Task prompt:
What you produce should be the lines from the line containing "Казахский мужской чапан темно-зеленый" through the last line below, both ends included, reproduced exactly and without pictures.

[Information provided]

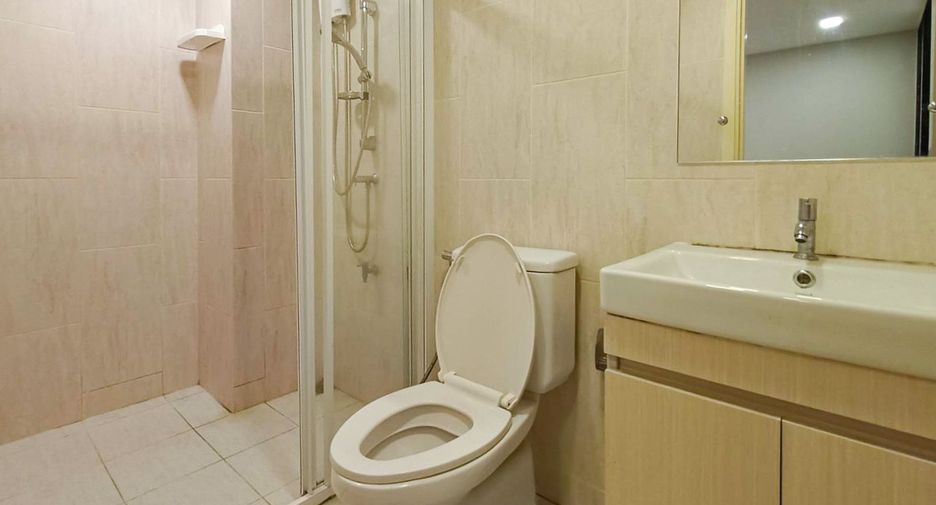 For sale 1 Beds condo in Lat Phrao, Bangkok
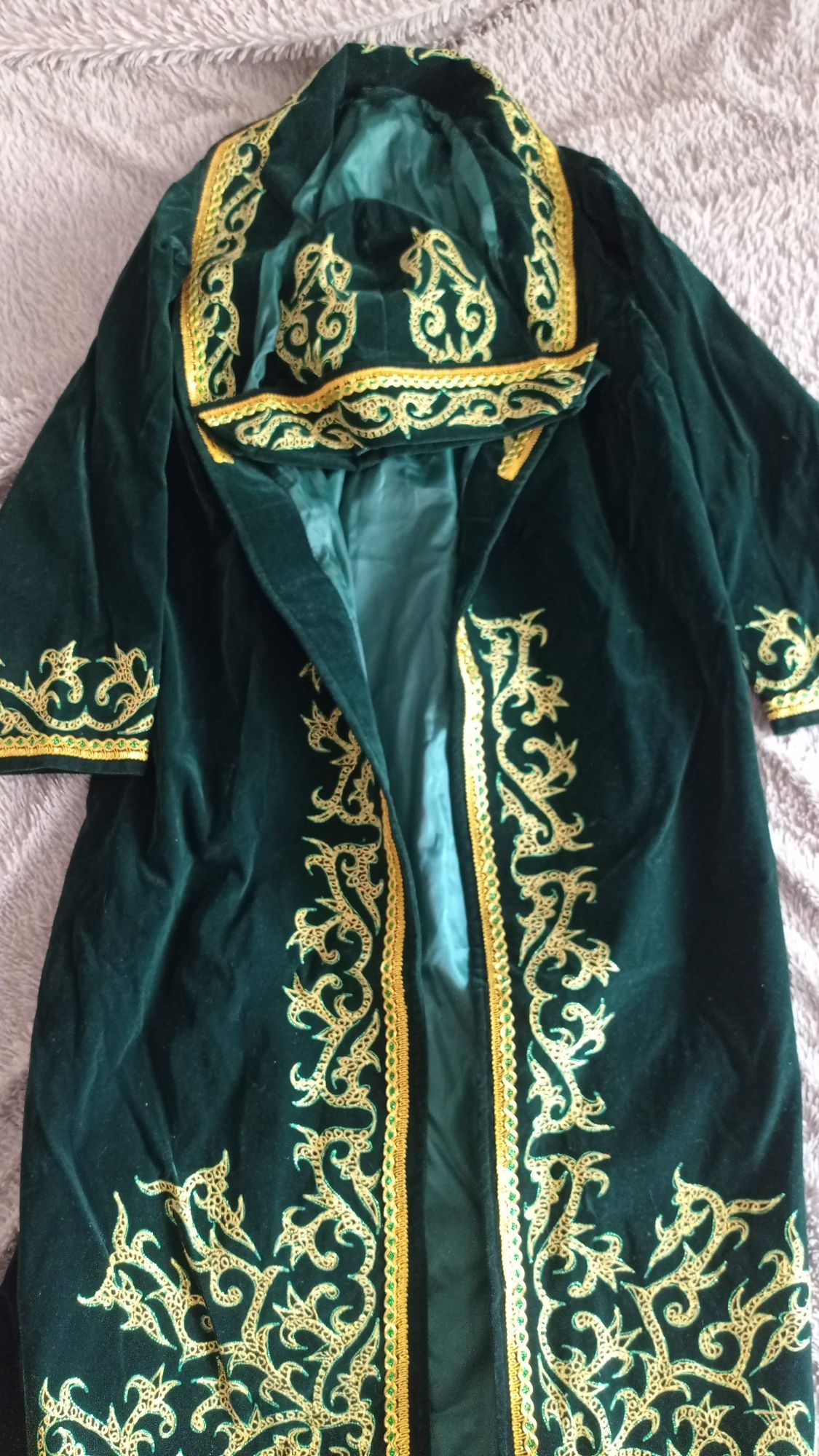 Казахский мужской чапан темно-зеленый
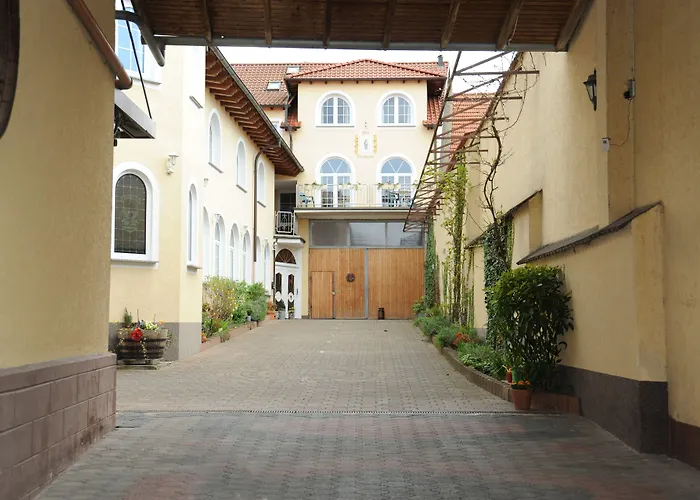 מלון Schlosshof Dolgesheim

[/Information provided]

Finished exercise:
 Казахский мужской чапан темно-зеленый
 מלון Schlosshof Dolgesheim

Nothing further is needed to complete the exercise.